Never apply fertilizer if moderate or heavy rain is forecasted for your area within the next 24-48 hours. Heavy rains can quickly carry fertilizers in runoff to nearby storm drains or waterbodies. If you live next to a lake or stream, do not fertilize within 25 feet of the water’s edge. Make sure to sweep up any fertilizer that gets spread onto the sidewalk, driveway, or curb. Some spreaders have helpful guards that prevent application onto non-target surfaces.

Sweeping excess fertilizer off hard surfaces

Sweeping excess fertilizer off of hard surfaces and back onto the lawn minimizes waste and ensures excess doesn’t pollute your watershed. | Photo Credit: Janice Milanovich, Illinois-Indiana Sea Grant

Read and Follow the Label

If your soil test results indicate that your lawn has a nutrient deficiency, make sure that you purchase the correct fertilizer to address that deficiency. All bags of fertilizers will have a label showing the nutrient analysis. It will have three numbers, such as 22-0-15, which correspond to Nitrogen-Phosphorus-Potassium or N-P-K. Nitrogen (N) is important in overall plant health. Phosphorus (P) is integral in root formation. Potassium (K) regulates water movement. Remember, most established lawns in our region do not require added phosphorus. You can make sure by doing a soil test. If this is the case, look for a fertilizer with a zero value in the middle of the nutrient analysis (N-P-K), which means it is phosphorus free.

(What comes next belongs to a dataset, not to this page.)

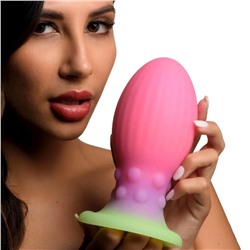 Розовая пробка-яйцо XL Xeno Egg - 17,6 см.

Directions on Fertilizer Bag

Ensure proper fertilizer use by carefully following directions. | Photo Credit: Irene Miles, Illinois-Indiana Sea Grant

Make sure to follow the directions on the label. Over-applying fertilizer can burn your lawn and cause nutrient pollution run-off when it rains.

The label will provide information about how much fertilizer to apply based on the square footage of your lawn and your soil test results. You can skip the math by using the Lawn to Lake Fertilizer Calculator.

General safety and disposal information.

If you need to dispose of any of your lawn chemicals, check with your county’s solid waste district to see if they have a Hazardous Household Waste Disposal Day or collection event coming up in your area. For many, these events provide safe chemical disposal for free.